In your work experience, are there any precedents when such processes end in court decisions? Are the perpetrators punished? How difficult is this to prove?

Of course, there are such cases in the FAS practice. And in our practice, we have had such cases, as a rule, when, for example, land plots are provided without bidding to a certain structure and when certain documents are found confirming that the parties have agreed on their actions - both the organizers and participants in the bidding exist. I can’t say that there are very many of them. As a rule, such cases are very successful when they are initiated law enforcement agencies, transmitting some operational data. My colleagues do not often, but such things happen.

And what threatens the violators if guilt is proven? And who will answer - individual or the company itself?

As a rule, this is an official of the customer. In this case, it could be the UGC or the city administration, if there are still culprits. For business entities this is a legal entity. These are turnover fines. As a rule, very large. Percentage from 1 to 15 of the company’s turnover. We see that the companies were formed 11 days before participating in the auction; they have no turnover. The maximum fine that these companies can receive is 100 thousand rubles each. But, as a rule, we transfer Article 16 to law enforcement agencies. According to Article 178 of the Criminal Code, the conspiracy of the organizer and the conspiracy of the participants is sanctioned, and there the sanction is up to 5 years in prison.

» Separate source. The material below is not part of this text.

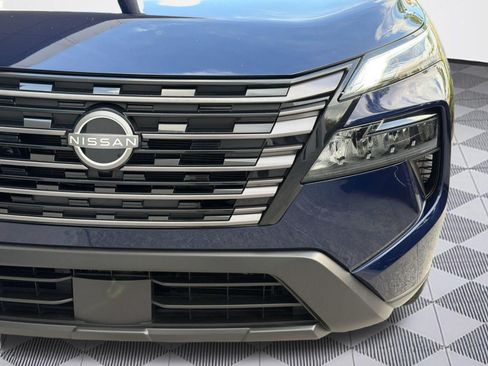 Used 2026 Nissan Rogue SV FWD image 11
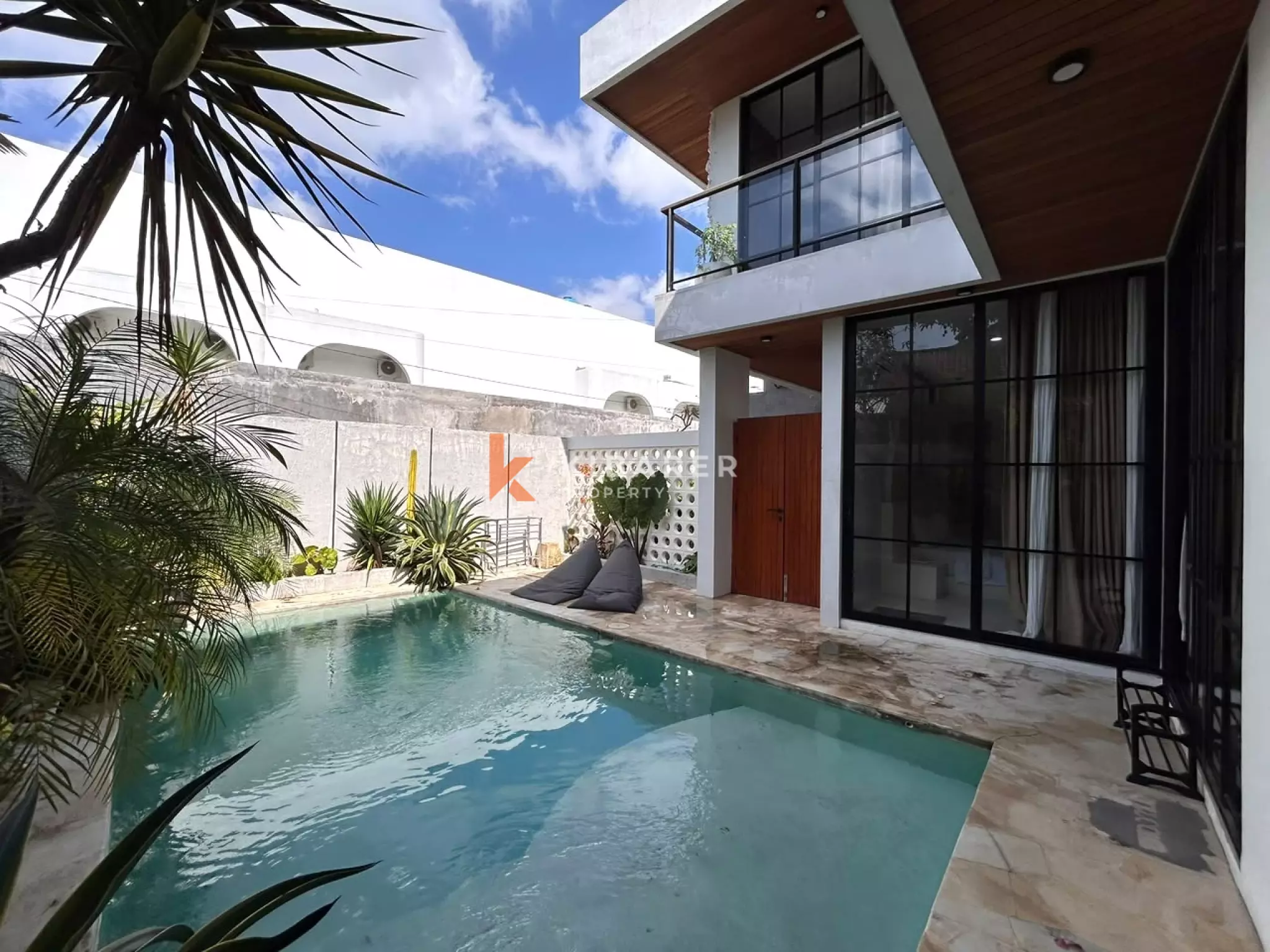 Contemporary Three-Bedroom Villa with Private Pool in Tumbak Bayuh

The worst thing is that a criminal sentence cannot be ruled out.

Moreover, the amounts are decent. Our neighbors in the Novgorod region 4 or 5 years ago road works at a cost of just over 100 million, and the damage to the state was calculated precisely at the cost of the contract. People received real sentences, both from economic entities and from government agencies.

That is, both the customer - someone from the Pskov administration - and the direct executor - the founding company - could face a criminal sentence?

Yes, this is natural if this composition is proven.

Olga Viktorovna, have you had complaints about the company with the same founders before or is this the first time such complaints have been made?

There were certain complaints, but not about these participants. These founders were not found to have colluded. Naturally, we are now checking these facts, how the companies of these owners have participated in auctions for the last 2-3 years. We are now analyzing all this information.

You just cited the example of our neighbors and voiced one of the cases. I remember the statement of the Federal Antimonopoly Service that the road industry is one of the leaders in cartel agreements. Is it so?

Our central office, naturally, analyzes all the information. I think this is due to the fact that the biggest money in this industry and the biggest damage to the state is established in this market.